- [EXERCISE INPUT]:
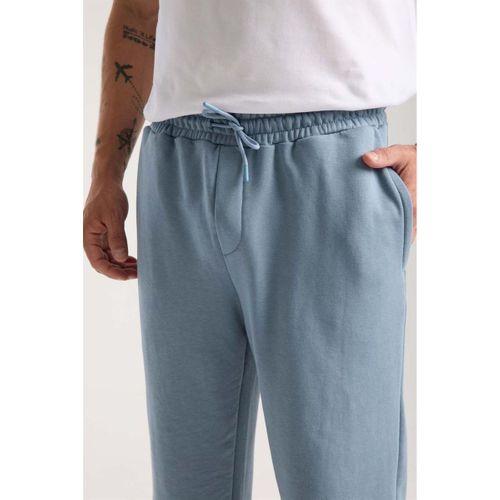 Mendes Baggy Kalıp Diagonal 3 İplik Kumaş Erkek Eşofman Altı Pantolon - Soğuk Mavi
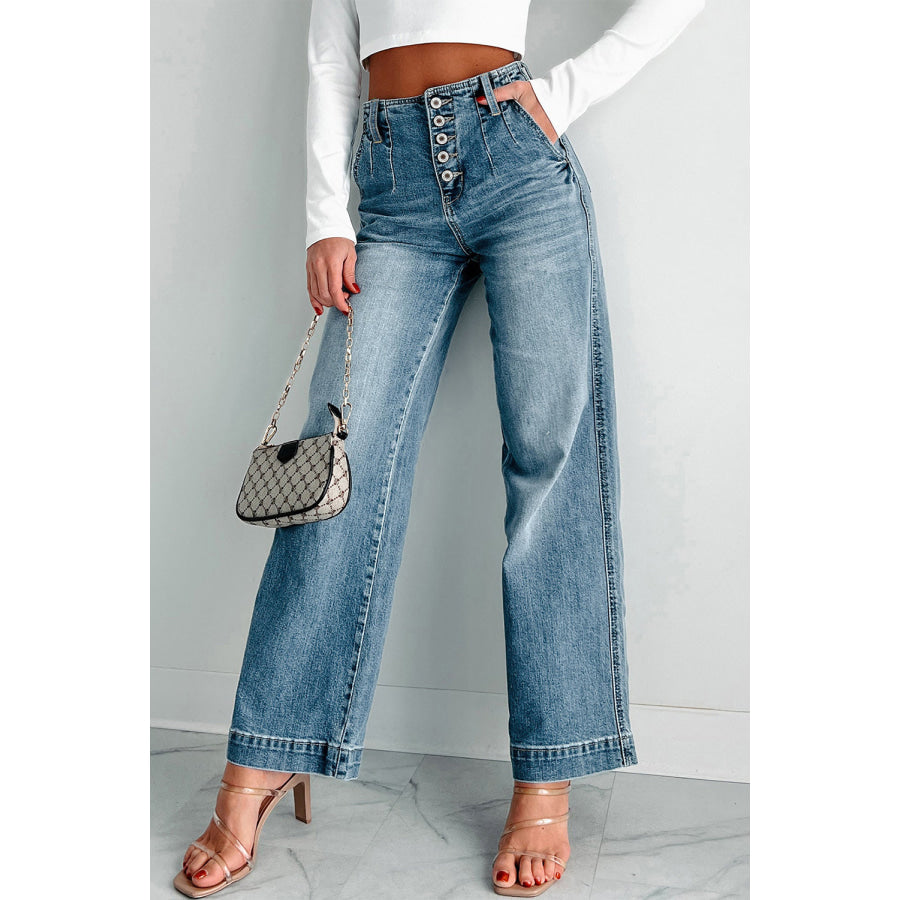 Dusk Blue Multi Buttons Medium Wash Straight Loose Leg Jeans Dusk Blue / 6 / 75% Cotton + 23% Polyester + 2% Elastane Bottoms/Jeans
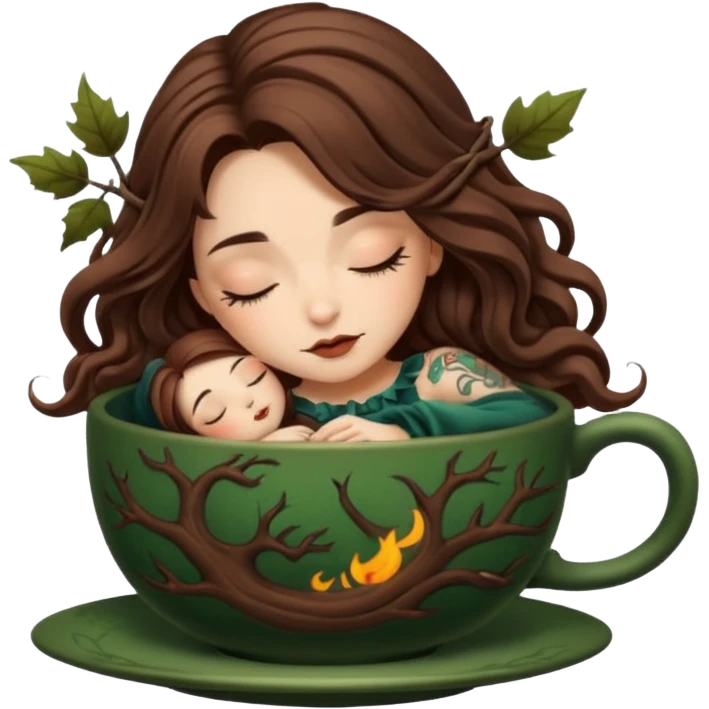cute forest witch woman long wavy brown hair tattoos sleeping inside teacup emoji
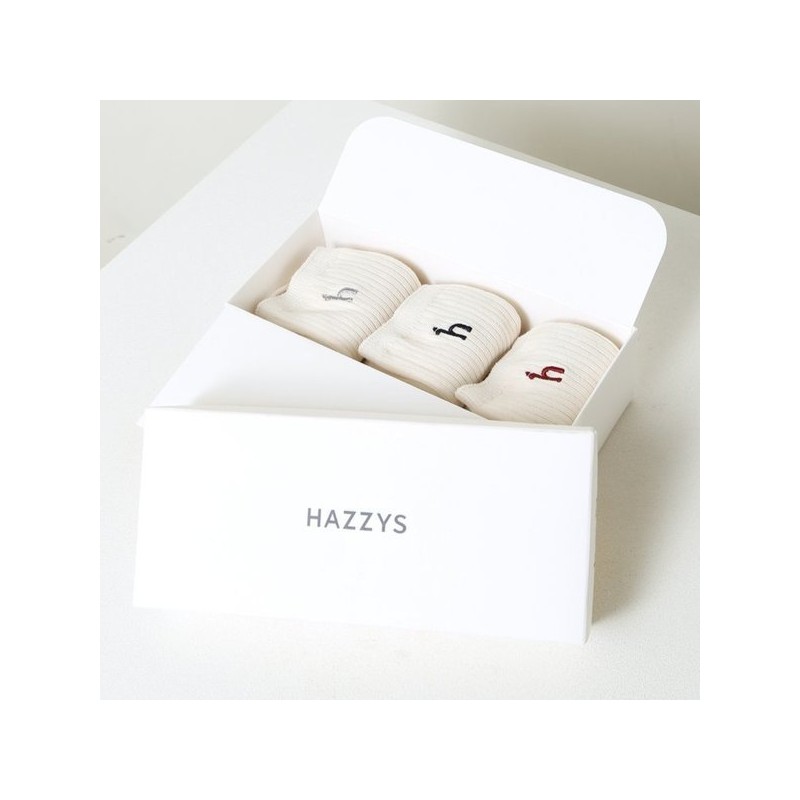 Hazzys (대구신세계)24FW선물추천 여성 화이트 중목 양말 3족 세트 HISS4F221WT (DAEGU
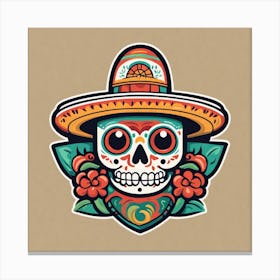 Day Of The Dead Skull 116 Canvas Print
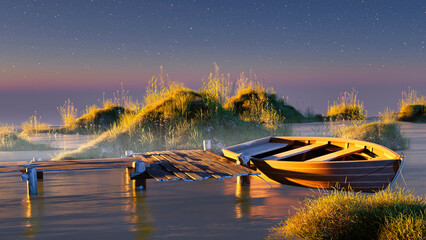 Wall Mural - landscape with boat fishing background, beautiful evening, starry sky, boat fishing bridge, sport fishing, 3d render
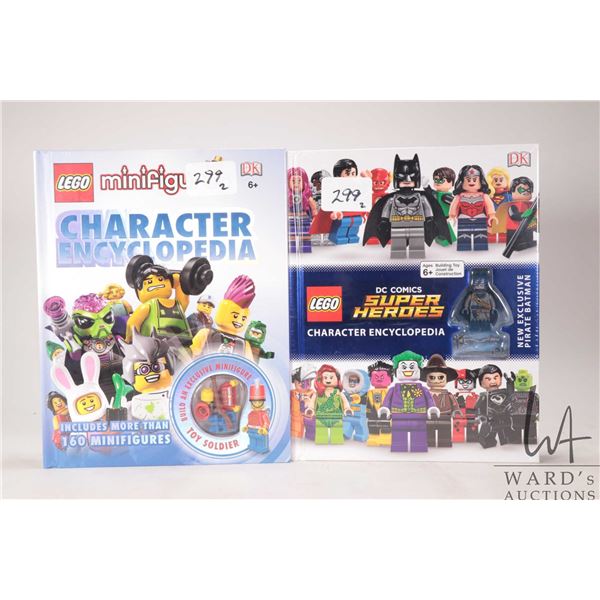 Two Lego books including DC Comics Super Heroes Character Encyclopedia with Minifigure and Lego Mini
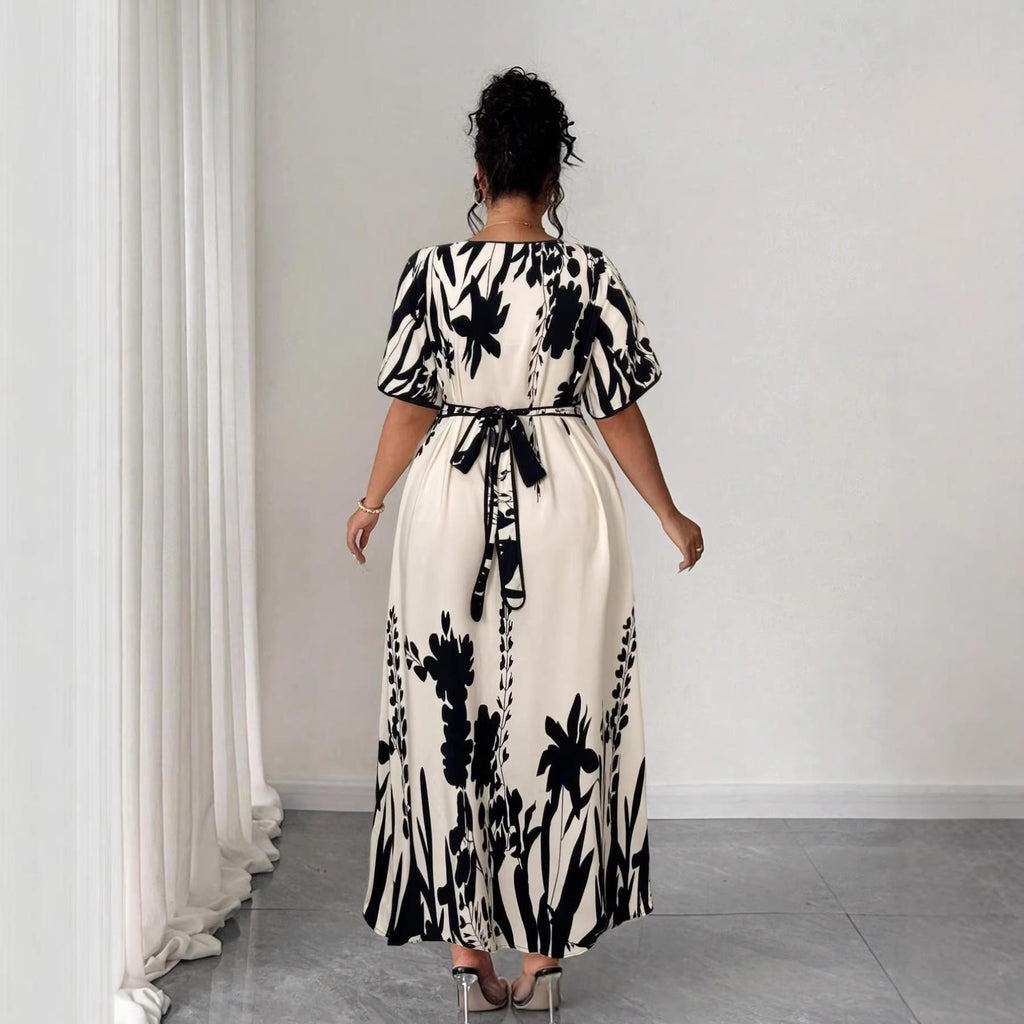 V-Ausschnitt Blumenkleid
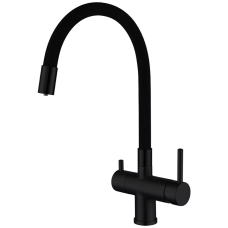 GAPPO Змішувач для кухні на дві води G4398-36 з гнучким виливом, чорний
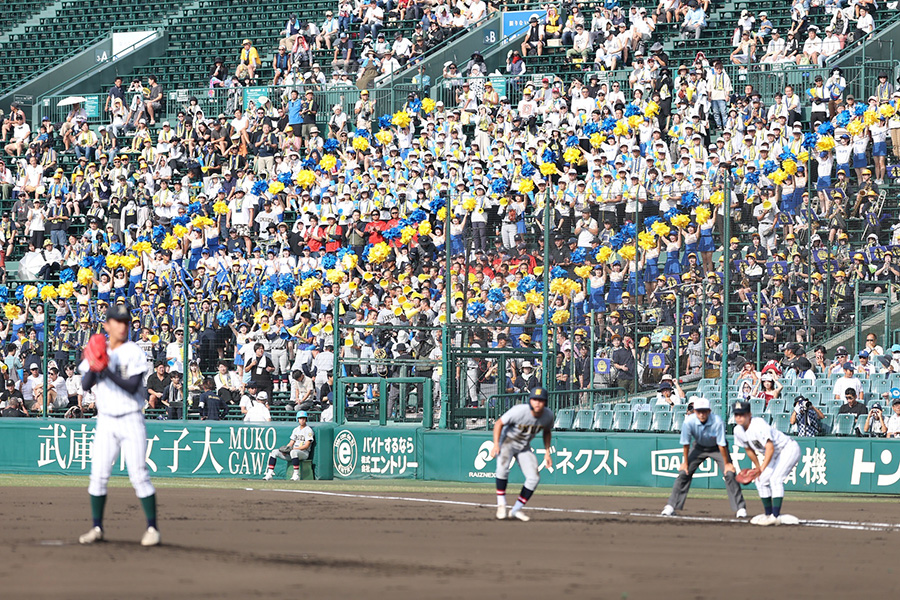 声援を送る仙台育英のアルプス【写真：加治屋友輝】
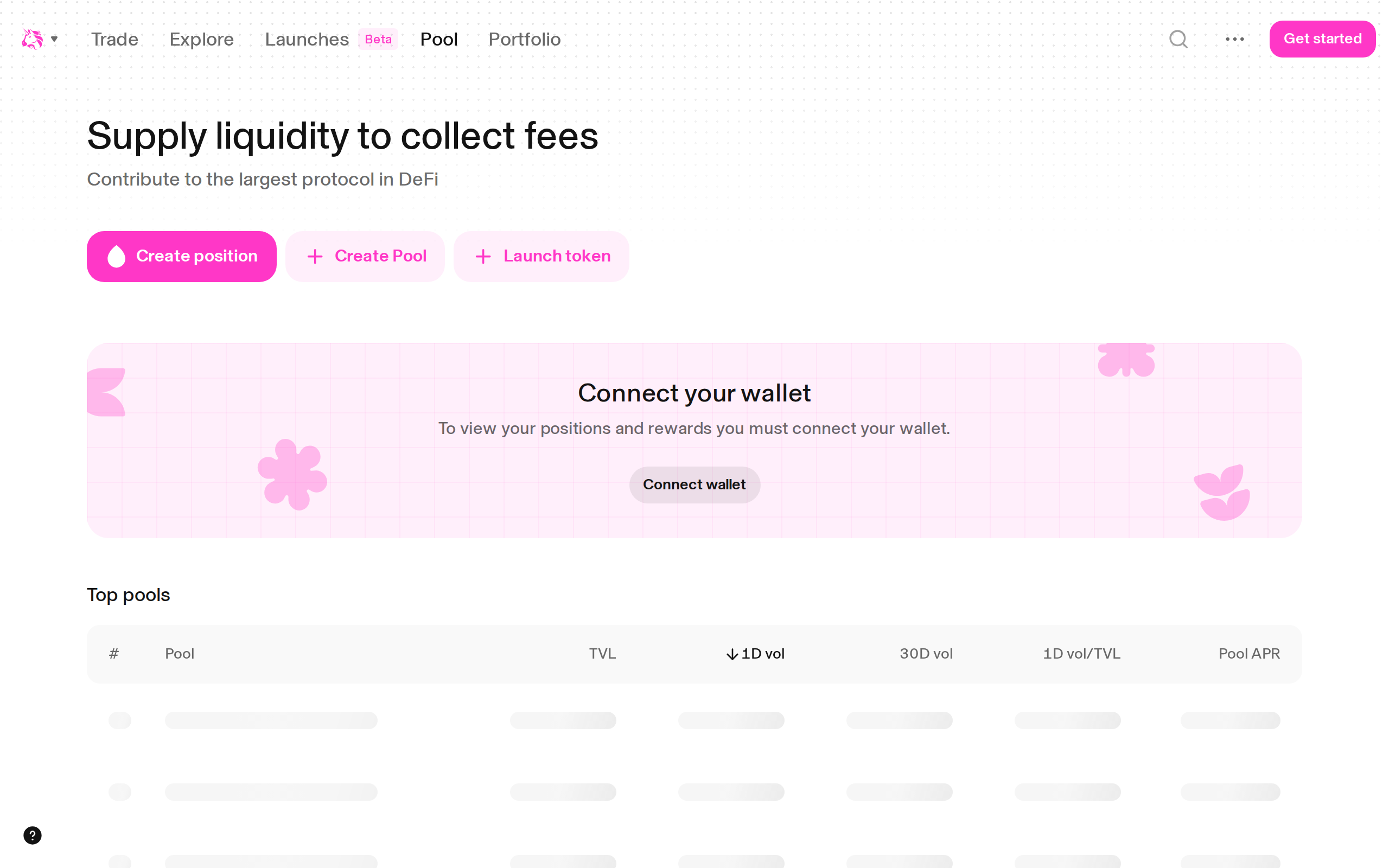 Uniswap Pool positions page prompting to connect a wallet under the heading Supply liquidity to collect fees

- [WHAT YOU ARE ASKED TO DO]:
When you come to the line containing "GAPPO Змішувач для" in the records above, repeat that line and all lines after it exactly, but not the pictures.

- [SOLVED PROBLEM]:
 GAPPO Змішувач для кухні на дві води G4398-36 з гнучким виливом, чорний
 声援を送る仙台育英のアルプス【写真：加治屋友輝】
 Uniswap Pool positions page prompting to connect a wallet under the heading Supply liquidity to collect fees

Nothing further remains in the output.